The tragedy of the anticommons is a type of coordination breakdown, in which a commons does not emerge, even when general access to resources or infrastructure would be a social good. It is a mirror-image of the older concept of tragedy of the commons, in which numerous rights holders' combined use exceeds the capacity of a resource and depletes or destroys it.[2] The "tragedy of the anticommons" covers a range of coordination failures, including patent thickets and submarine patents. Overcoming these breakdowns can be difficult, but there are assorted means, including eminent domain, laches, patent pools, or other licensing organizations.[citation needed]

The two 'tragedies' may be compared as follows:

  • The 'tragedy of the commons' occurs when a resource has many users, none of whom own it, and thus none of whom have the ability to exclude others from using it, leading to the over-utilization of that resource.
  • The 'tragedy of the anticommons' occurs when a resource has many owners, all of whom have the ability to exclude others from using it, leading to the under-utilization of that resource.

The term originally appeared in Michael Heller's 1998 article of the same name[2] and is the thesis of his 2008 book.[3] The model was formalized by James M. Buchanan and Yong Yoon.[4] In a 1998 Science article, Heller and Rebecca S. Eisenberg, while not disputing the role of patents in general in motivating invention and disclosure, argue that biomedical research was one of several key areas where competing patent rights could actually prevent useful and affordable products from reaching the marketplace.[5]


In early aviation, the Wright brothers held patents on certain aspects of aircraft, while Glenn Curtiss held patents on ailerons which was an advance on the Wrights' system, but antipathy between the patent holders prevented their use. The government was forced to step in and create a patent pool during World War I.[6]
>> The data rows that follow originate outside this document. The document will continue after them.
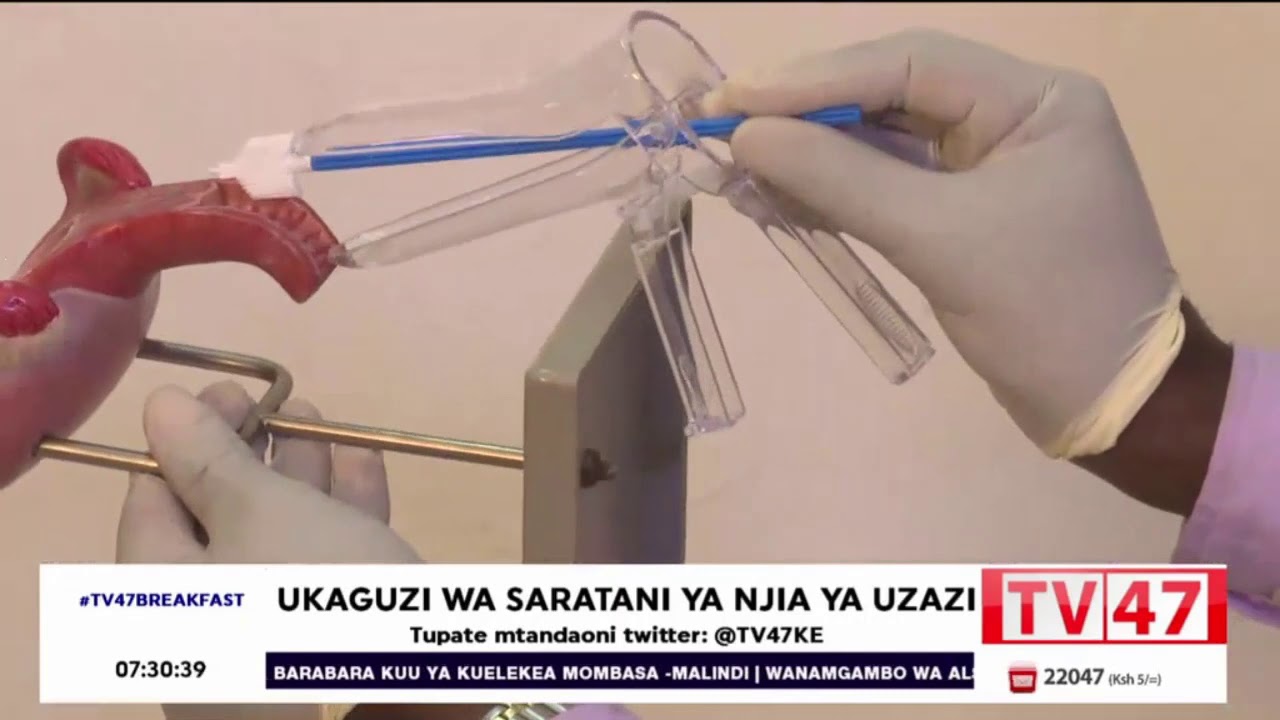 Watch The Process Of Getting A Pap Smear Examination To Detect Cervical Watch The Process Of Getting A Pap Smear Examination To Detect Cervical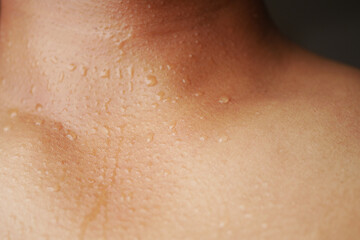 Close-up of skin showing beads of sweat during a hot and humid moment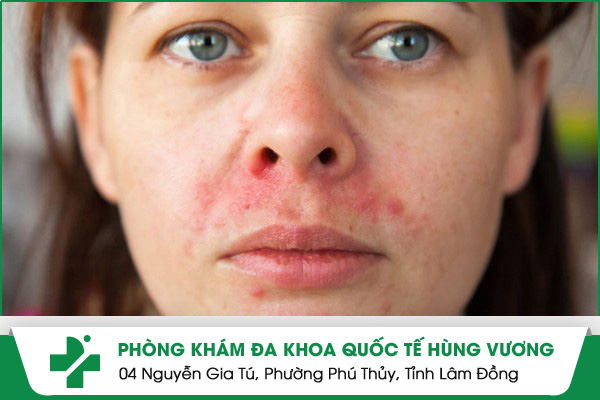 Cẩn Thận Với Bệnh Viêm Da Nhờn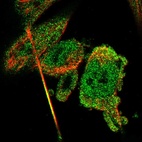 Immunofluorescent staining of human cell line U-251 MG shows localization to nucleoplasm & cytosol.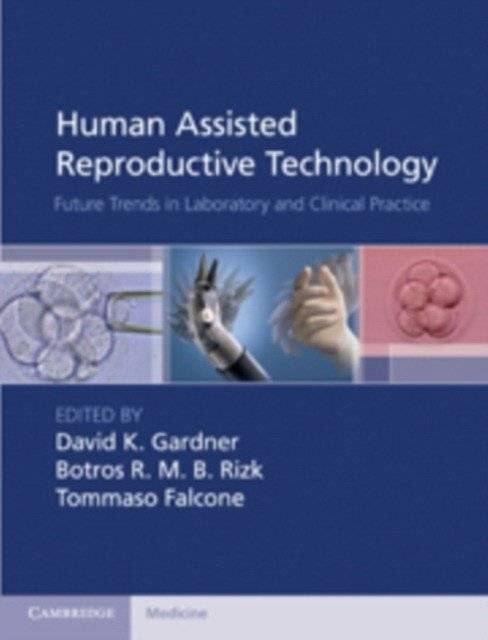 Human Assisted Reproductive Technology | Human Assisted Reproductive Technology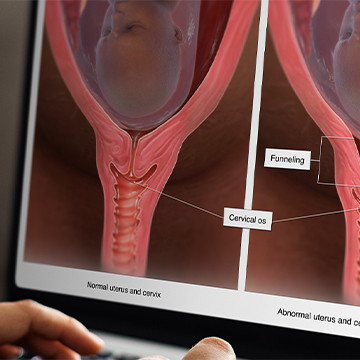 Custom medical legal illustration showing cervical funneling
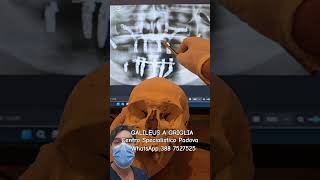 IMPLANTOLOGIA NETWORK PADOVA CHIRURGIA GALILEUS A GRIGLIA DENTI FISSI 2 ORE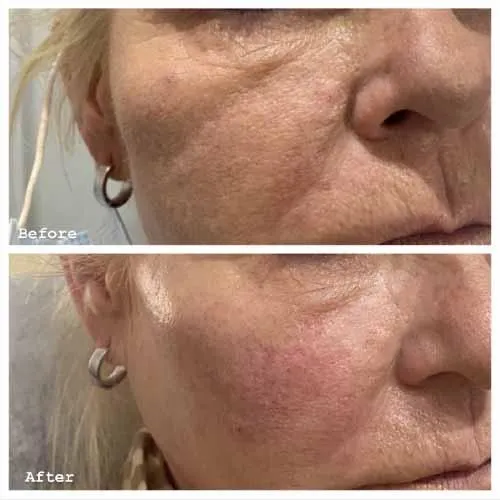 Cheek Filler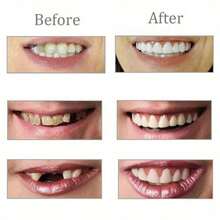 2 件/套全新升级无孔上下牙齿矫正器，模拟假牙，完美微笑牙齿装饰 - 彩色 - 查看 2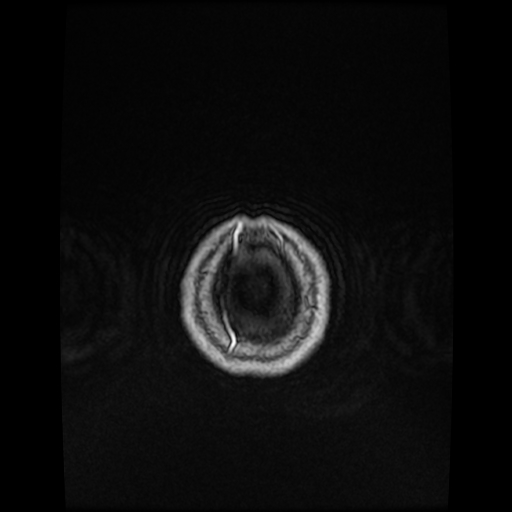 Cerebellar metastasis of pulmonary adenocarcinoma, cavernous venous malformation, and developmental venous anomaly (Radiopaedia 85827-101661 Axial T1 C+ 89).jpg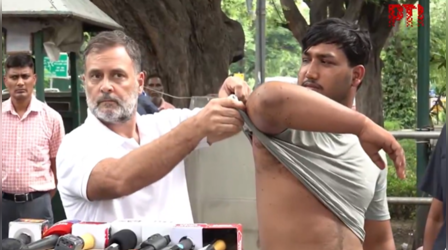 पैलेट गन से घायल छात्र के साथ मीडिया के सामने आए राहुल गांधी, दिखाए घाव; कहा- सच्चाई सामने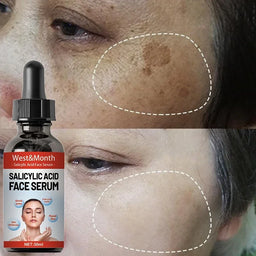 Niacinamide and Salicylic Acid Facial Serum Moisturizing Skin Care Products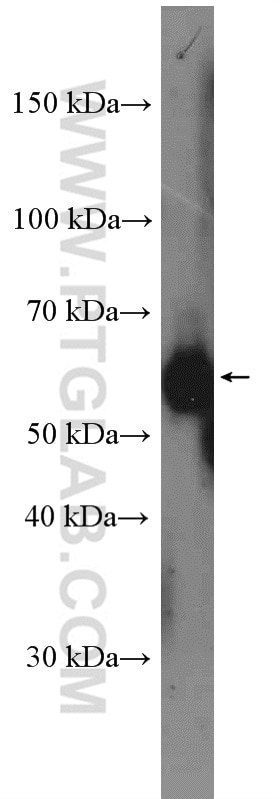 Western Blot (WB) analysis of HEK-293T cells using TAB1 Polyclonal antibody (27566-1-AP)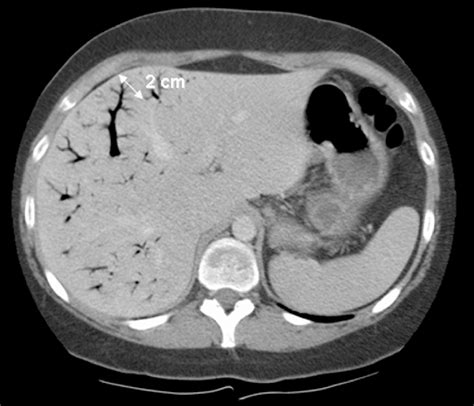 Computed Tomography Scan Of Patient 1 With Hepatic Portal Venous Gas
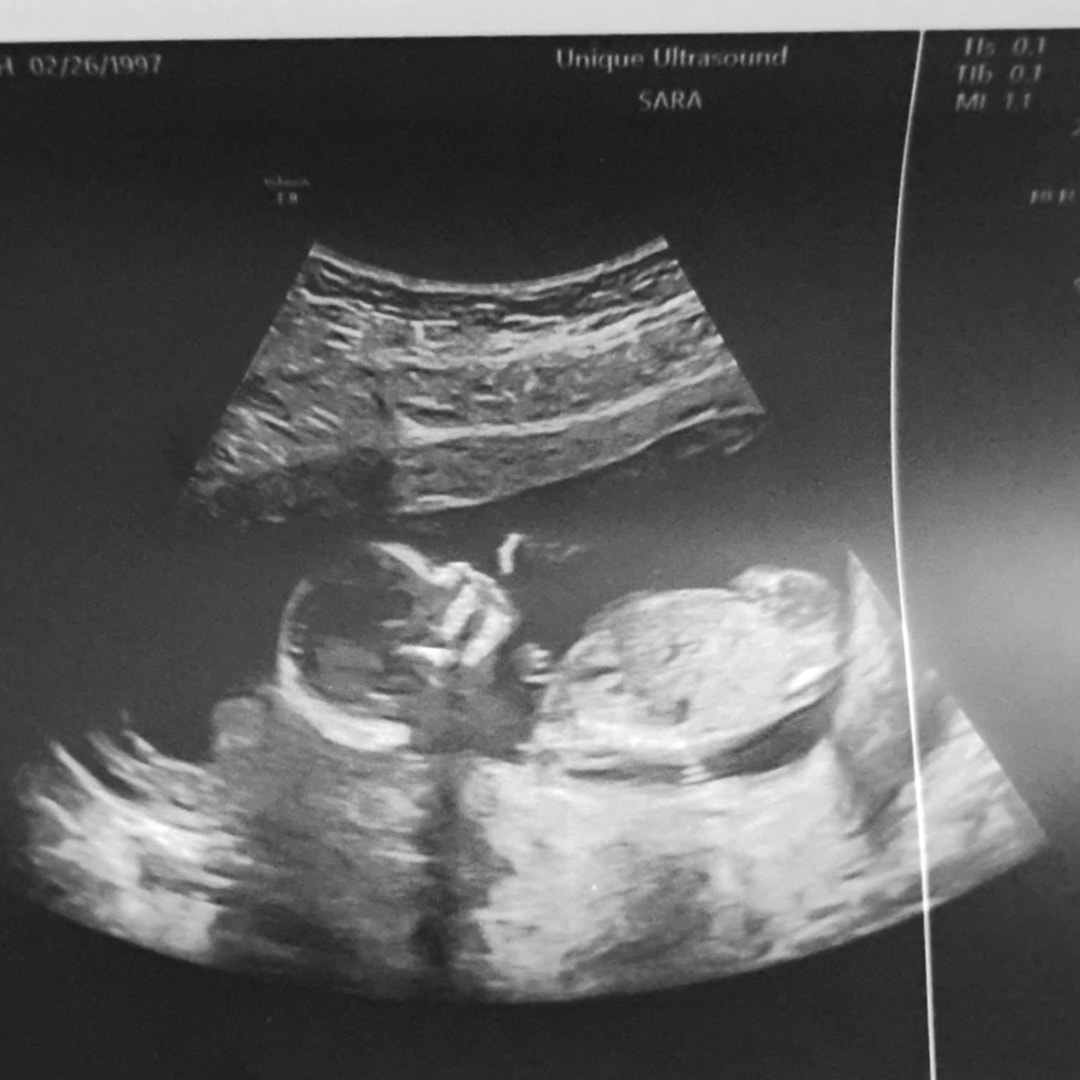 Photo shared by Sarah for their Babylist baby registry.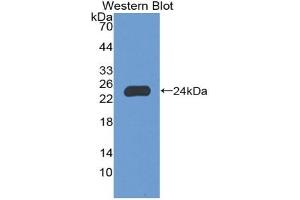 Detection of Recombinant NCF2, Human using Polyclonal Antibody to Neutrophil Cytosolic Factor 2 (NCF2) (NCF2 anticorps  (AA 355-526))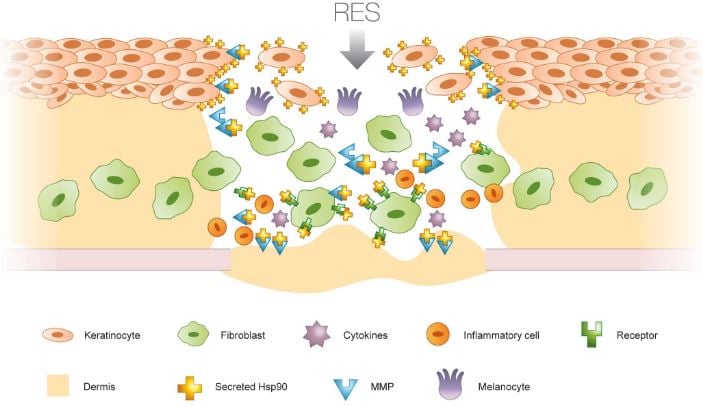 avita_regenercell_chronic_wound_diabetes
In his 1998 Harvard Law Review article,[2] Michael Heller noted that there were a lot of open air kiosks but also a lot of empty stores in many Eastern European cities after the fall of Communism. Upon investigation, he concluded that it was difficult or even impossible for a startup retailer to negotiate successfully for the use of that space because many different agencies and private parties had rights over the use of store space. Even though all the persons with ownership rights were losing money with the empty stores, and stores were in great demand, competing interests got in the way.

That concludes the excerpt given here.